Beijing – The design concept comes from the Forbidden City and Peking Opera.
As one of the seven ancient capitals in China, Beijing boasts a great number of world-renowned attractions, such as the Forbidden City, the Great Wall, the Temple of Heaven, the Summer Palace, etc. Peking Opera, as the quintessence of Chinese culture, is a type of opera with the greatest influence nationwide.


Shanghai – The design concept comes from the Oriental Pearl TV Tower and the Bund architecture.
Shanghai has been described as the “showpiece” of the booming economy of mainland China; renowned for its Lujiazui skyline, and museums and historic buildings, such as those along The Bund, as well as the City God Temple and the Yu Garden.

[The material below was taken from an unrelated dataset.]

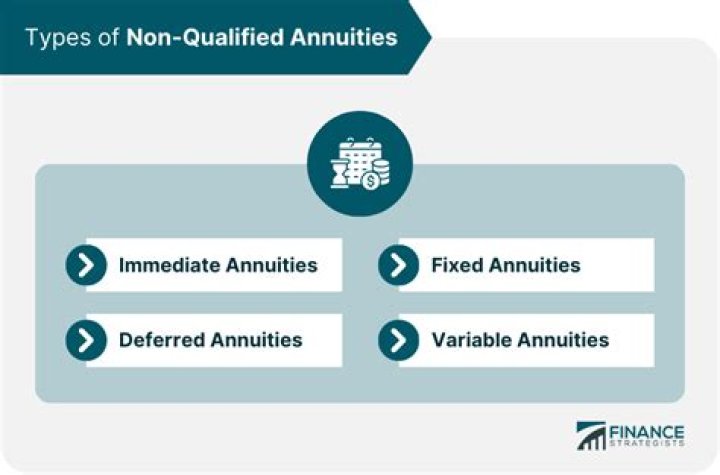 Is there a 10 penalty on non qualified annuities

Xi’an City of Shaanxi Province – The design concept comes from the Bell and Drum Towers.
Those who want to learn about the history and culture of China must go to Xi’an. Xi’an served as the capital for more than 1,100 years and 13 imperial dynasties, and it was also the starting point of the Silk Road. The Bell Tower and Drum Tower have remained a landmark of Xi’an until today.


Guilin City of Guangxi Zhuang Autonomous Region – The design concept comes from Guilin’s landscape.
There is a saying in China that says: “Guilin’s scenery is the best among all under heaven”. It’s worthwhile setting off alongside the tranquil Li River for a good introduction to Guilin’s dreamlike scenery, with its otherworldly karst topography as a backdrop.


Suzhou City of Jiangsu Province – The design concept comes from Suzhou traditional garden.
An old saying goes: “South China has the best gardens on earth, and Suzhou has the best gardens in South China.” As an outstanding representative of gardening art, Suzhou has nine classical gardens listed as world cultural heritages by the UNESCO.


Hangzhou City of Zhejiang Province – The design concept comes from the famous scenery “Three Pools Mirroring the Moon”, one of Ten Scenes of West Lake.
Hangzhou’s fame was immortalized in the proverb “In heaven there is paradise, on earth Suzhou and Hangzhou”. As one of China’s most revered tourist drawcards, Hangzhou’s dreamy West Lake is definitely a delight to explore, either on foot or by bike. Its panorama, fabulously green and hilly environs can easily lull you into long sojourns.


Zhejiang Province – The design concept comes from the scenery of Wuzhen, a famous watertown in Zhejiang.
With arched bridges and charming canal scenes, the small water towns of Wuzhen and Nanxun typify the lushly watered northern Zhejiang with its sparkling web of rivers and canals. Zhejiang is also known for its silk, tea and arts and crafts.


Guangdong Province – The design concept comes from lion dance, a folk art believed to dispel evil and bring good luck, the Canton Tower, kung fu and Guangdong-style architecture.
Canton Tower, which is Guangzhou’s latest landmark after the “Five Rams Statue”, can be seen from any point along the Pearl River. If it’s architectural wonders you’re after, Guangdong also fits the bill nicely. The UNESCO-crowned watchtowers in Kaiping and the earthen Hakka roundhouses in Meizhou will knock your socks off. By the way, what the Western world knows as “Chinese“ food is almost without exception the distinctive cuisine of Guangdong.


Shenzhen City of Guangdong Province – The design concept comes from high-rise buildings.
There is a saying about Chinese cities: If you want to learn 5,000 years of history, go to Xi’an; 1,000 years, Beijing; 200 years, Shanghai; and 20 years, Shenzhen. Shenzhen has taken off since it became the first Special Economic Zone (SEZ) in 1980. Over the decades, developers have added a stock market, glistening skyscrapers and malls.